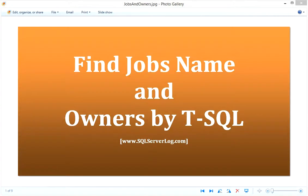Hi friends, I am Ansur Siddiqui, SQL Server DBA. Today we will see how to find jobs name and owners by T-SQL in SQL Server.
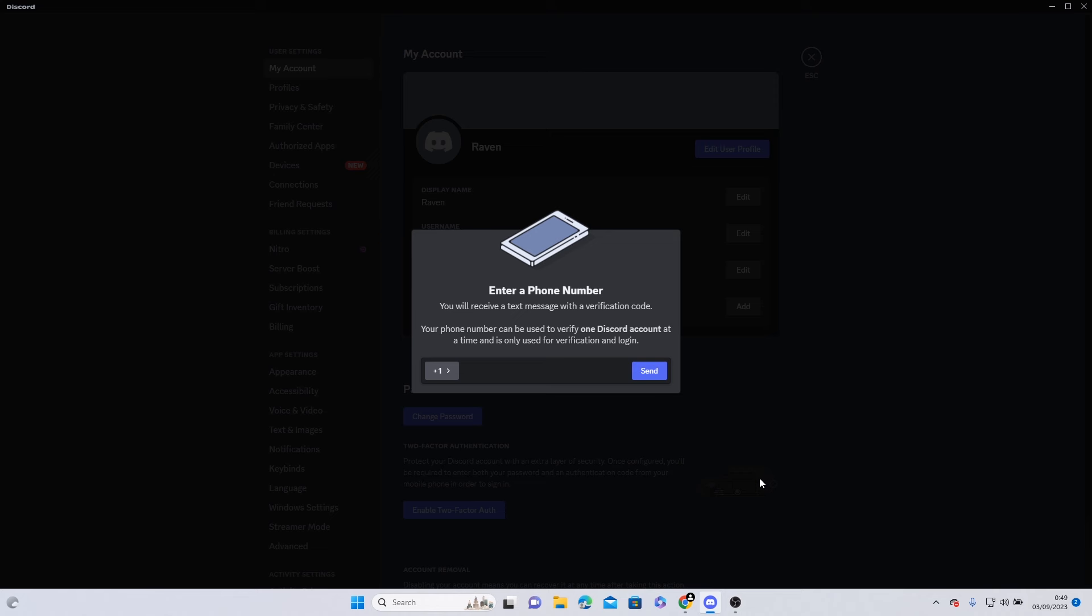If you have ever encountered this issue where Discord suddenly asks you to enter a phone number and you don't have your phone with you at that moment, this can be pretty frustrating. Now I'm going to show you how you can get through the phone verification without using your phone.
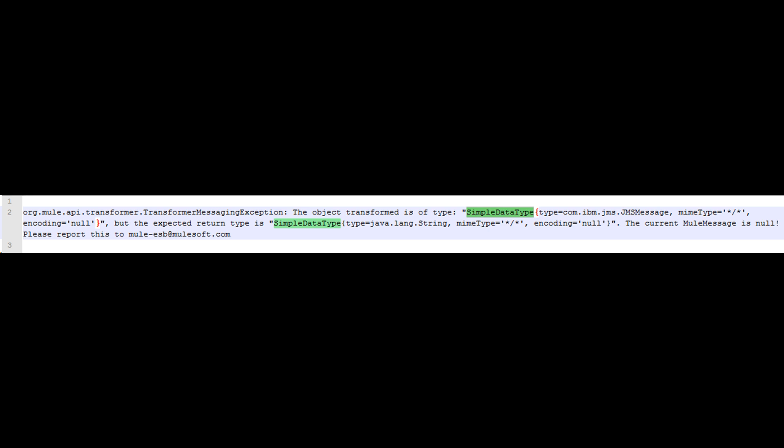You might face this error while testing. This error could occur because of the way you have configured the RFHUtil app. I was able to produce this exception by loading an empty message to the queue using RFHUtil.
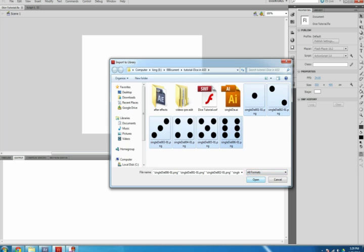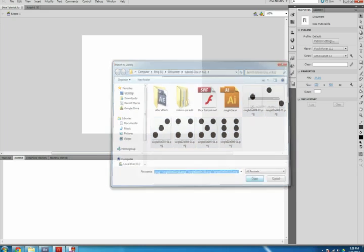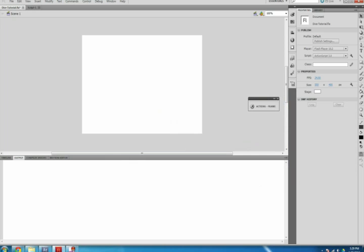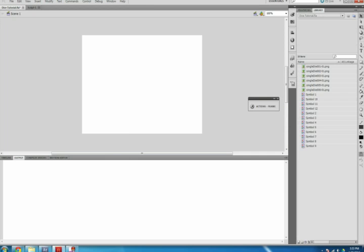Open your library to make sure they are imported. Click the Library tab in the far upper right corner, hit Ctrl+L on your keyboard, or click Window, Library.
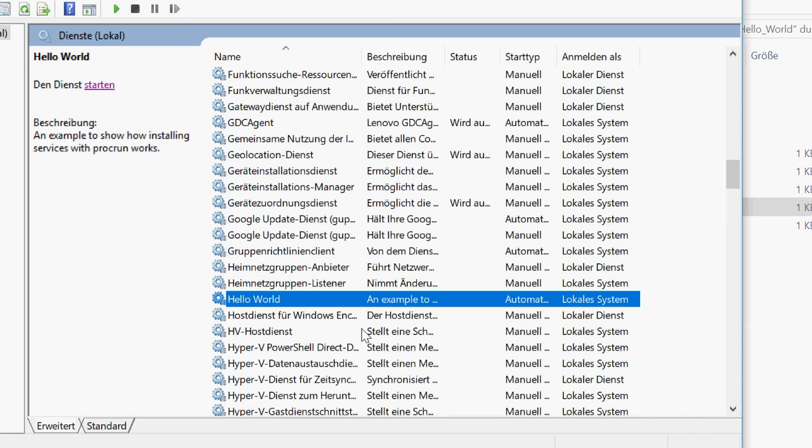And you know how to install a JAR under Windows as a service. And you know what to do if it doesn't work out at first.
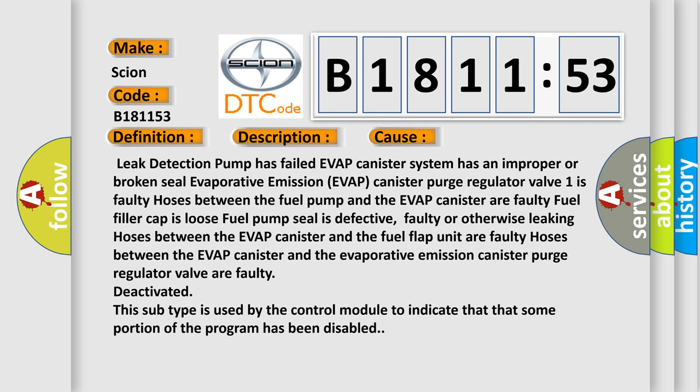This diagnostic error occurs most often in these cases: Leak detection pump has failed, EVAP canister system has an improper or broken seal, Evaporative emission EVAP canister purge regulator valve is faulty, hoses between the fuel pump and the EVAP canister are faulty, fuel filler cap is loose, or fuel pump seal is defective.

[Work task]:
Give back the whole listing exactly as it stands. Drop every picture.

[Task solution]:
Hi friends, I am Ansur Siddiqui, SQL Server DBA. Today we will see how to find jobs name and owners by T-SQL in SQL Server.
If you have ever encountered this issue where Discord suddenly asks you to enter a phone number and you don't have your phone with you at that moment, this can be pretty frustrating. Now I'm going to show you how you can get through the phone verification without using your phone.
You might face this error while testing. This error could occur because of the way you have configured the RFHUtil app. I was able to produce this exception by loading an empty message to the queue using RFHUtil.
Open your library to make sure they are imported. Click the Library tab in the far upper right corner, hit Ctrl+L on your keyboard, or click Window, Library.
And you know how to install a JAR under Windows as a service. And you know what to do if it doesn't work out at first.
This diagnostic error occurs most often in these cases: Leak detection pump has failed, EVAP canister system has an improper or broken seal, Evaporative emission EVAP canister purge regulator valve is faulty, hoses between the fuel pump and the EVAP canister are faulty, fuel filler cap is loose, or fuel pump seal is defective.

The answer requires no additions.